Supervised Machine Learning

Supervised learning is a method that is defined by the use of labeled datasets. A labeled dataset simply adds a meaningful label to a set of data. Figure 1 is an example of a labeled dataset.

 

labeled dataset in supervised machine learning

Figure 1. Labeled Dataset. Image adapted and used courtesy of Garcia et al. 

 

The datasets are then used to train the algorithm into classifying the data or making predictions. This method can learn and get better over time to increase its accuracy. Supervised learning is good at classifying data and regression. For example, it can classify and block spam or robocalls from calling. A regression model is commonly used to predict a continuous value such as predicting house prices.

 

Unsupervised Machine Learning

On the other hand, unsupervised learning uses unlabeled datasets for training. These algorithms find hidden patterns in datasets that are unlabeled on their own without the need for external supervision. It is often used for clustering, the grouping of similar data. Another usage is for association that uses rules to find relationships among data, such as identifying online shoppers’ usual brought-together products. Unsupervised learning is also used in dimensionality reduction where extra data is removed while integrity is still preserved, such as removing noise from an image.

 

Machine Learning Models

Four major machine learning models are often used in industrial applications. These are Regression, Clustering, Neural Networks, and Decision Tree.

 

Linear Regression Algorithm

There are many machine learning algorithms for the Regression model, such as Simple Linear, Multiple Linear, Gaussian Nonlinear, Harmonic Nonlinear, and Polynomial Nonlinear Regressions. Here we will discuss Simple Linear Regression.

Linear Regression is a supervised learning algorithm that is used to estimate the value of a variable based on other continuous variables such as estimating energy consumption in a house. It is making a prediction by fitting the best line between the dependent and independent variables. This best-fit line is known as the regression line and is represented by a linear equation \(y = ax + b\).

 

Linear Regression Algorithm

Figure 2. Linear Regression. Image adapted and used courtesy of Sewaqu

 

The algorithm uses visible parameters to guess a variable. For example, engineers can predict the energy cost by looking at the size of the compressor for a freezer. If the compressor is bigger, it usually uses more energy. It makes sense to correlate energy usage to the size of a compressor using the equation above.

The coefficients ‘a’ and ‘b’ are derived based on minimizing the sum of the squared difference of distance between data points and the regression line. Once determined \(a = 1.58\) and \(b = 8.36\), the linear equation \(y = 1.58x + 8.36\) will allow engineers to enter the size of the compressor (x) and estimate the energy usage (y).

 

Clustering Model: k-means ++ Algorithm

There are three major machine learning algorithms for the Clustering model, they are DBSCAN, k-means++, and Fuzzy k-means.
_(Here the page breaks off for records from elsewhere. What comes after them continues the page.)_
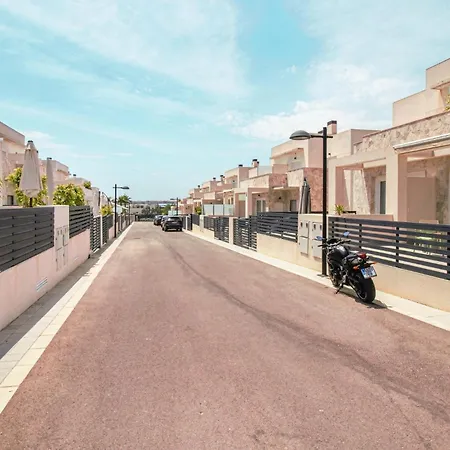 3 Bedroom Gorgeous In Holiday home Torrevieja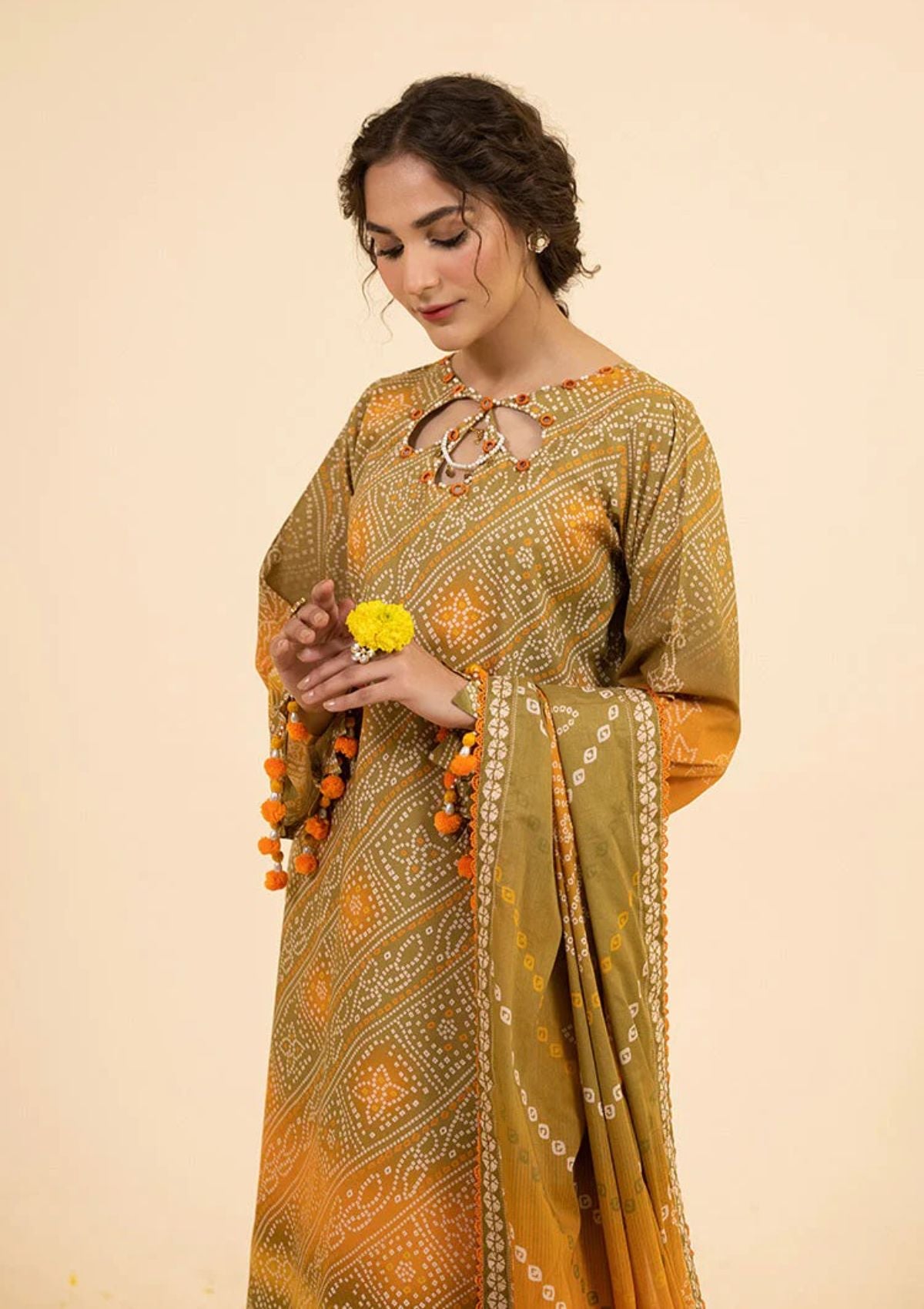 Lawn Collection - Ellena - Chunri 24 - EAS-L3-05-02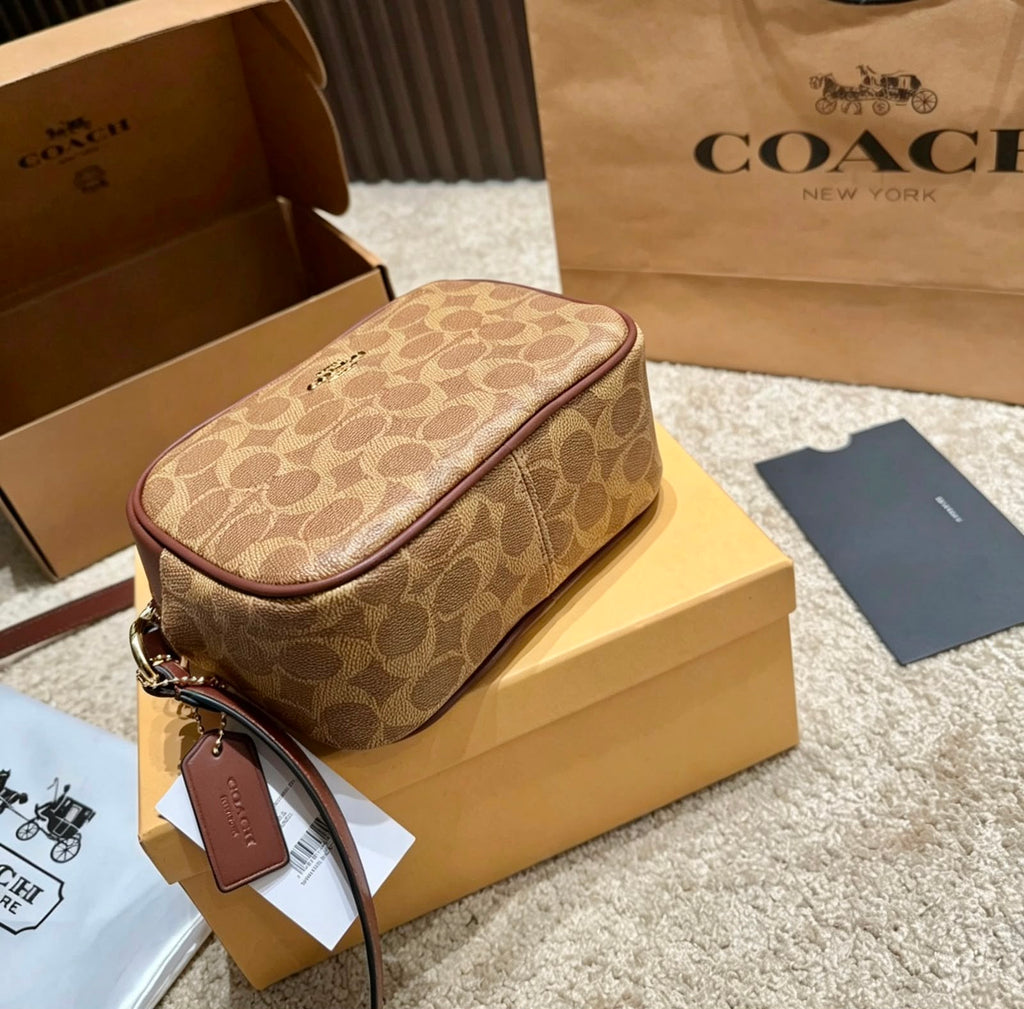 Coach Signature Crossbody Bag 20cm
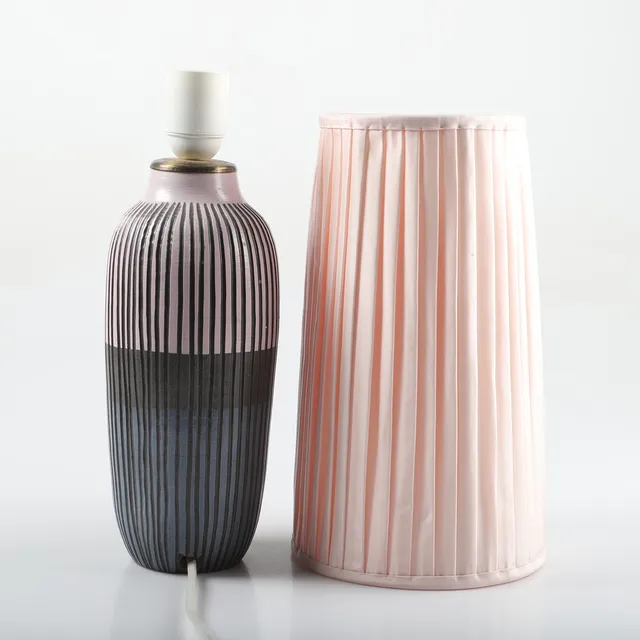 MARI SIMMULSON. Bordslampa, "Silene", keramik, Upsala-Ekeby.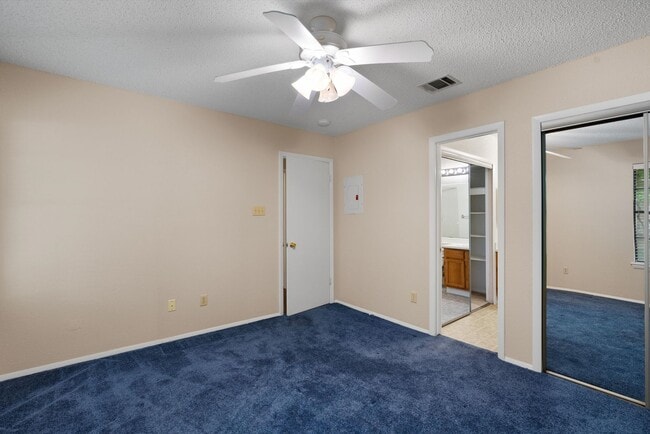 Building Photo - Perfect 3-Bedroom Condo in North Austin for Lease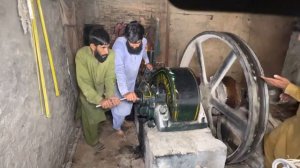 Запуск старинного дизельного двигателя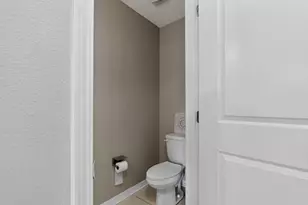 451 Eisenhower Dr, Crestview, FL 32539 - Photo 14
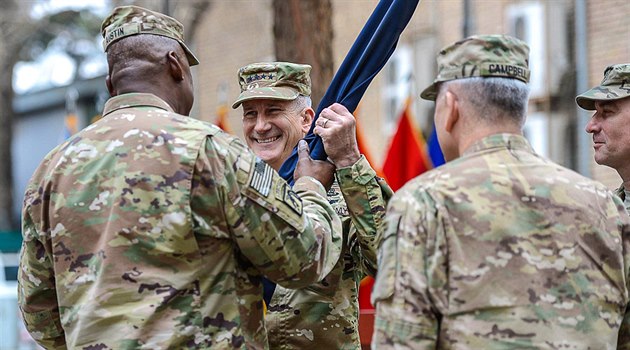 Generál John Nicholson pebírá velení mezinárodních jednotek v Afghánistánu. Ilustraní foto. 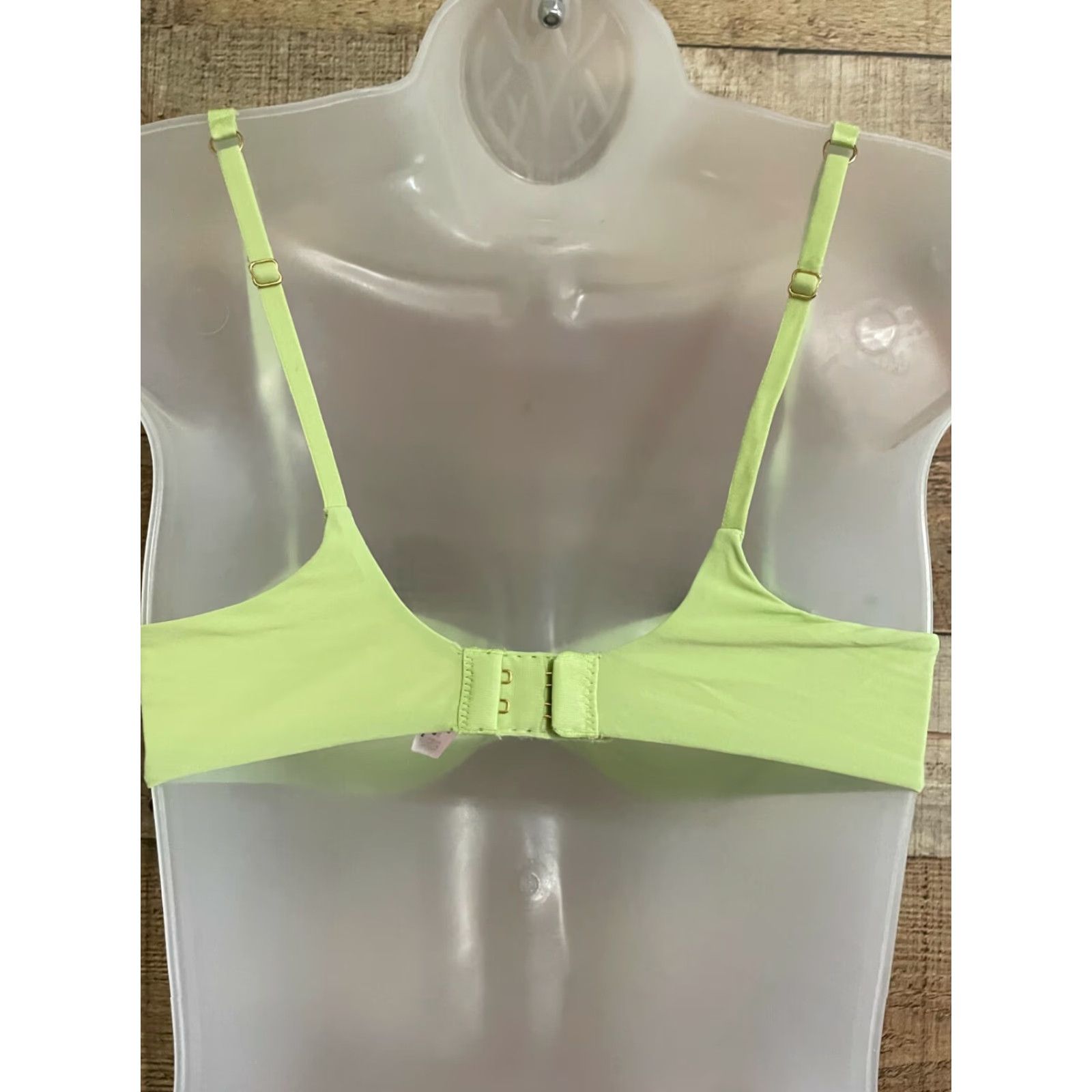 Victoria's Secret Victoria's Secret pushup bra size 34A Green lightly lined User: Victoria's Secret pushup bra size 34A Green lightly lined Size ONE SIZE - 2 Thumbnail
Here we will take a look at the k-means++ Algorithm.

k-means++ is a variation of k-means that chooses the initial centers and gives a provable upper bound on the Within-Cluster-Sum-of-Squares (WCSS) objective, which we will discuss later. k-means clustering is an unsupervised algorithm and a method of vector quantization intended to partition observations into k clusters. Each observation belongs to the cluster with the nearest mean and represents a sample of the cluster. The algorithm partitions the data space into regions close to each of a given set of objects and minimizes the intra-class variances. k-means clustering is good at finding clusters of similar dimensional area.


scatter plot of observations - clustering model machine learning

Figure 3. Scatter Plot of Observations. Image used courtesy of Hosoda et al.  

 

An implicit objective function in k-means called Within-Cluster-Sum-of-Squares (WCSS) measures the sum of distances of observations from their cluster center. The function is represented as 

 

$$WCSS = \sum_{i \in n}(X_i-Y_i)^2$$

 

where \(Y_i\) is the center for observation \(X_i\).

However, the k-means algorithm has some drawbacks. It is known that the worst-case running time of the algorithm is super-polynomial in the input size. In addition, the approximation found can be arbitrarily bad for the objective function compared to the optimal clustering.

The k-means++ algorithm addresses the shortcomings by specifying a procedure to initialize the cluster centers before proceeding with the standard k-means optimization iterations. With the initialization, k-means++ can always find a better solution than the best k-means solution.

 

Neural Network Algorithm

Neural networks are modeled after our human brains. The algorithm is designed to recognize different patterns and interpret data by using sensors, taking measurement, labeling, or simply using raw input. The patterns they recognize are numerical which are translated from real-world information, such as images and sound.

Neural networks consist of node layers which are an input layer, one or more hidden layers, and an output layer. Each node, or neuron, is linked to other nodes and has an associated weight and threshold. If the output of any single node is above the specific threshold value, that node is activated, and the data is sent to the next layer of the network. Otherwise, the data will not be sent to the next layer.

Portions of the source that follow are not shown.